Five or six times a day, every day, for 48 years, chronobiologist Robert Sothern has counted off 60 seconds in his head and then compared the results against a clock.
As part of a lifelong experiment on circadian rhythms, Sothern, now 69, is trying to confirm or reject a widely held belief: Many people feel that time flies by more quickly as they age.
So far, Sothern's results are inconclusive. It's true that lately, according to his measurements — and his gut — time seems to be speeding up as he nears his 70s. "I'm tending now to overestimate the minute more than I used to," he tells me. But then again, he had detected a similar pattern — more overestimates — in the 1990s, only to have his estimates fall in the 2000s. "Time estimation isn't a perfect science," he says.
This matches what other researchers have found too.

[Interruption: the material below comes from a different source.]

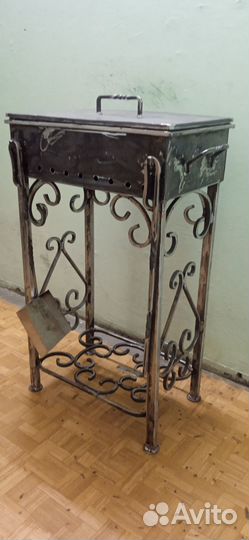 Мангал с крышей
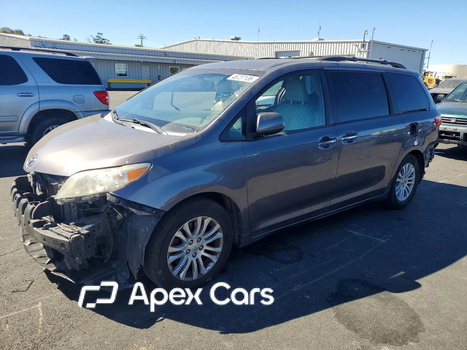 Toyota Sienna 2015 - Image 1 of 12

There's very little scientific evidence to suggest our perception of time changes as we age. And yet, we consistently report that the past felt longer — that time is flying by faster as we age. What's going on?

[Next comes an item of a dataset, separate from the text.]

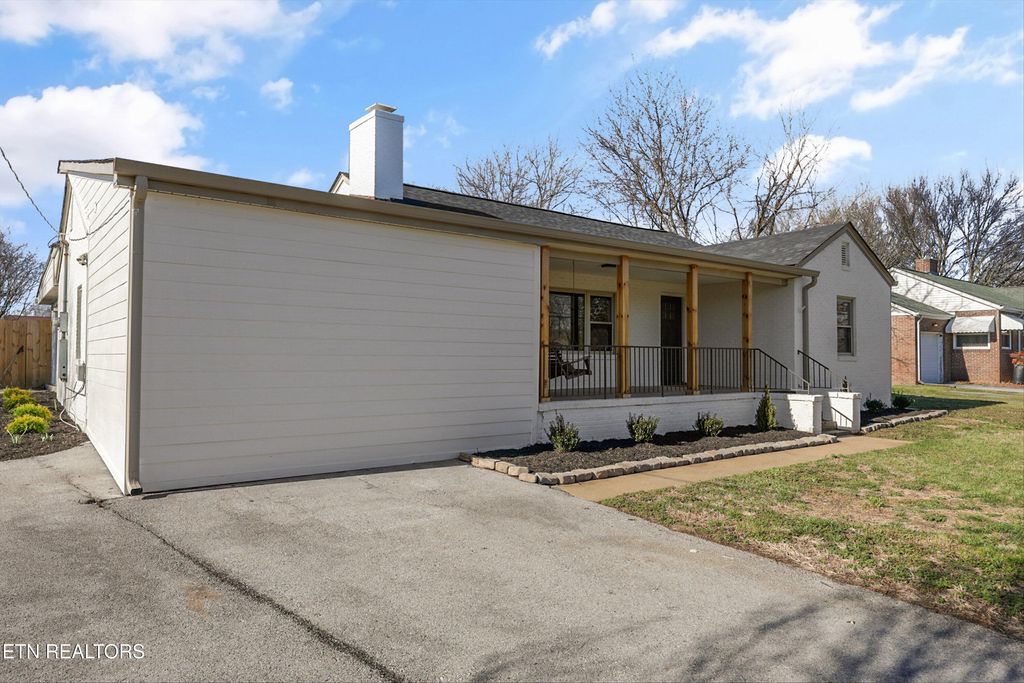 Photo of 507 Lindy Drive, Knoxville, TN 37920 (MLS # 1331266)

There are a few different ways to study how we perceive time. Scientists can look at time estimation, or our ability to estimate how long a minute passes, compared with a clock. (This is what Sothern is doing.) They can also look at time awareness, or the broad feeling that time is moving quickly or slowly. Finally there's time perspective, the sense of a past, present, and future as constructed by our memories.
What researchers have found out is that while time estimation and time awareness don't change much as we age, time perspective does. In other words: Our memories create the illusion time is accelerating.